Understanding Monosomy
Monosomy is a type of chromosomal abnormality where an individual has only one copy of a particular chromosome instead of the usual two copies. This means they are missing one chromosome from the pair. This condition can occur in either the sex chromosomes (X and Y) or the autosomes (non-sex chromosomes).
Key Features of Monosomy
- Missing Chromosome: The core characteristic is the absence of one chromosome from a pair.
- Chromosomal Abnormality: Monosomy falls under the broader category of chromosomal abnormalities.
- Potential for Health Issues: Due to the genetic imbalance, monosomy often leads to a range of health complications, the severity of which can vary depending on the specific chromosome involved.

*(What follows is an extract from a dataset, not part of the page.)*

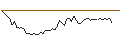 Intraday Chart für MORGAN STANLEY PLC/CALL/PEPSICO/240/0.1/19.12.25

Monosomy vs. Other Chromosomal Conditions
It's important to distinguish monosomy from other conditions involving chromosome numbers:
| Condition | Chromosome Count | Description |
|---|---|---|
| Monosomy | 2n-1 | Missing one chromosome from a pair. |
| Trisomy | 2n+1 | Having an extra chromosome. |
| Euploidy | n | Normal chromosome count. |
| Polyploidy | >2n | Having more than two sets of chromosomes. |
| Aneuploidy | Abnormal | Having an abnormal number of chromosomes (includes monosomy and trisomy) |
Examples of Monosomy
- Turner Syndrome: A common example of monosomy, involving a single X chromosome in females (45, X). Individuals with Turner syndrome may experience developmental issues, including short stature and ovarian failure.
Implications of Monosomy
- Developmental Problems: The absence of a chromosome can disrupt normal development.
- Health Issues: Monosomy is often associated with various health problems that require specialized medical care.
- Genetic Counseling: Genetic counseling is essential for families affected by monosomy to understand risks and options.
In summary, monosomy is the term for when a person is missing one chromosome from a pair.